A lot of people believe therapy and counseling are for severely mentally ill or “crazy” people. I have found out this is not true. Don’t let shame and fear stop you from getting the help you need. Good mental health is part of your overall health and wellness.
“In the context of exposure to significant adversity, resilience is both the capacity of individuals to navigate their way to the psychological, social, cultural, and physical resources that sustain their well-being, and their capacity individually and collectively to negotiate for these resources to be provided in culturally meaningful ways.”
Dr. Michael Unger
On January 19, 2011, I was in a meeting at work at the FBI. My supervisor and the Agent in charge of the unit were interrogating me about the allegation made, saying that I had destroyed Government records. I sat in a chair against the wall, with my hands firmly planted on the arms of the chair to keep from losing my temper, thinking what in the hell is this about.
I had no idea, so I had nothing to say, except
Where is all of this coming from and what proof do you have to prove your accusation?
Ken, the unit chief, was talking to me like I was a liar. “Just tell the truth.”
The meeting was very, very stressful; I knew that I had done nothing wrong. So, I didn’t try to admit or deny any of the accusations made against me. I sat there listening to them, go on and on about what I had done waiting for them to produce evidence to back up the what they said. They never could, and were trying to coerce me into admitting to their outrageous accusations.
“The way I see it, our natural human instinct is to fight or flee that which we perceive to be dangerous. Although this mechanism evolved to protect us, it serves as the single greatest limiting process to our growth. To put this process in perspective and not let it rule my life, I
expect the unexpected;
make the unfamiliar familiar;
make the unknown known;
make the uncomfortable comfortable;
believe the unbelievable.”
― Charles F. Glassman
My body went into protective mode; fight or flight, the acute stress response a physiological reaction that occurs in response to a perceived harmful event, attack, or threat to survival.
I became :
- My heart was pounding
- Shallow, rapid breathing
- I could not speak clearly
Dog and cat showing acute stress responses
I was taken out of FBIHQ, on a stretcher to George Washington Hospital Center. Where I remained for two days. The doctor asked what happened to me.

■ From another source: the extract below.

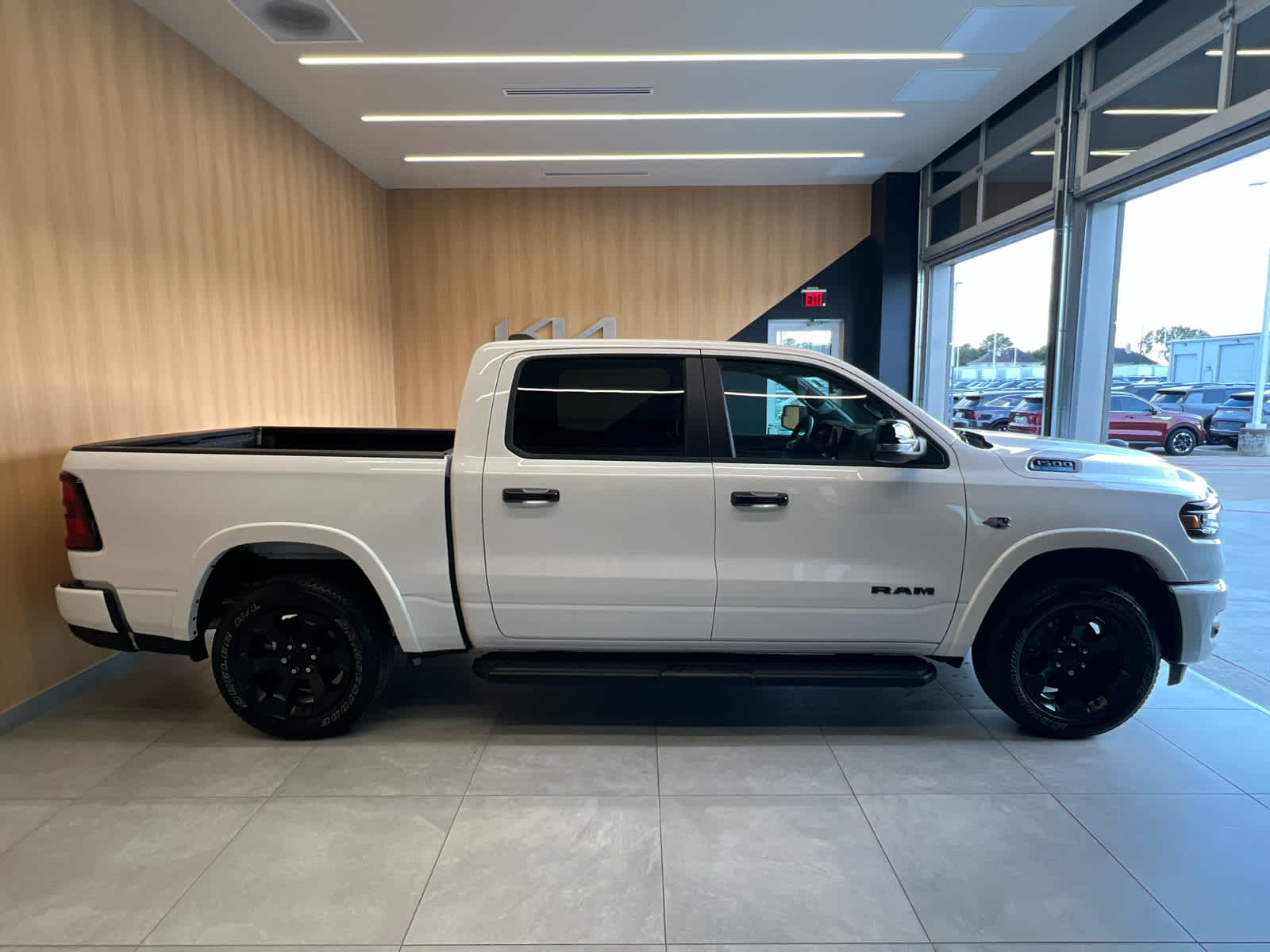 2026 Ram 1500 Lone Star - 4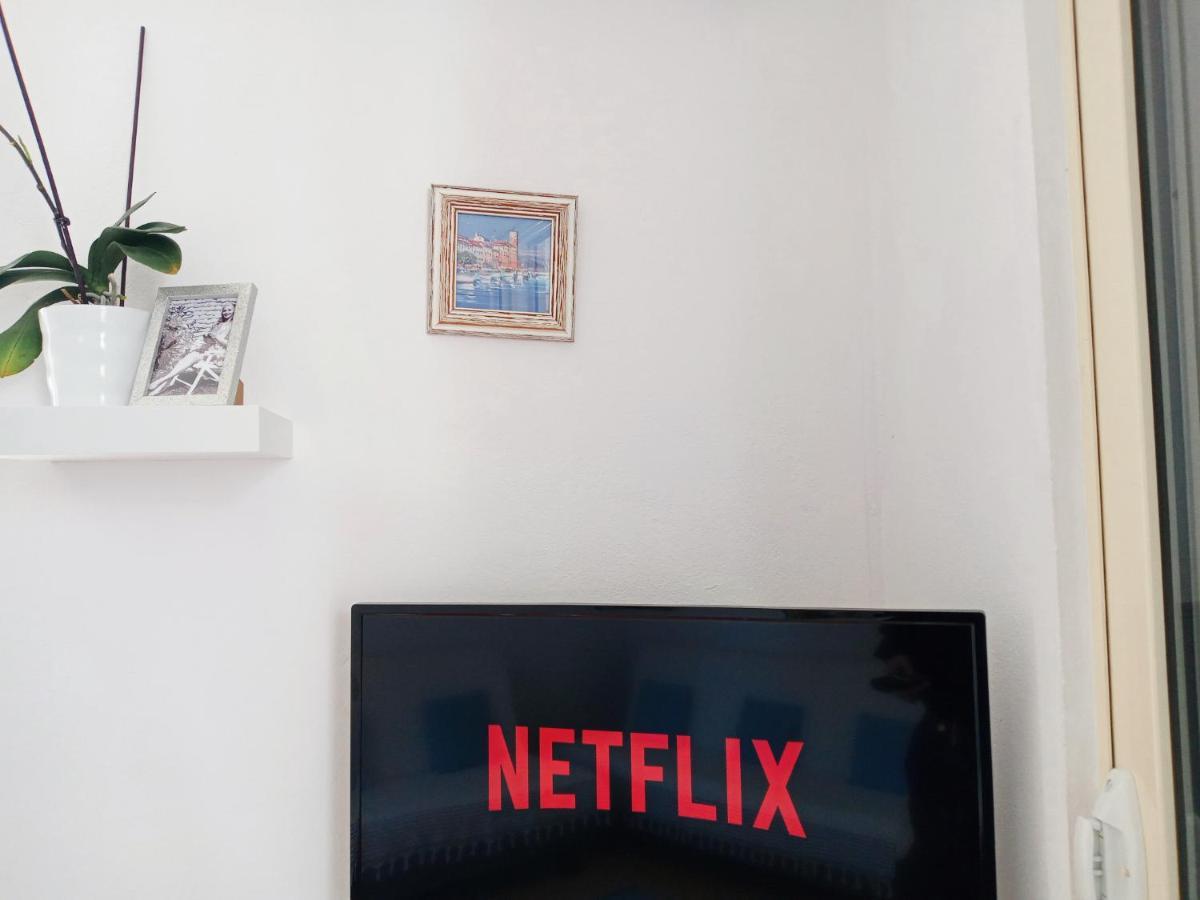 Kristi Apartment 2 Min To Sea Netflix & Espresso Station Sarandë Exteriör bild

After being released from the hospital, my discharged orders were to seek mental health counseling. Which, I did….sitting in my primary doc tors’ office telling him my story, I could tell that a part of me was gone, I felt violated, I felt like someone else,
and I just wanted to go into a place where no one else could go. I suppose it was clearly visible, my husband was saying, “come back to me.” How was I supposed to do that when I no longer had the desire to come back! Finally, I made a choice to seek therapy and counseling, to help me find my way. I spent 13 months in treatment. And saw a psychiatrist who diagnosed me with major depression (without phobia) and anxiety. For the past nine years, I have continued taking my medication. However, I don’t see any mental health professionals. My primary doctor monitors my mental health issue and continues to prescribe my medication. I don’t know where I would be had I not attend counseling.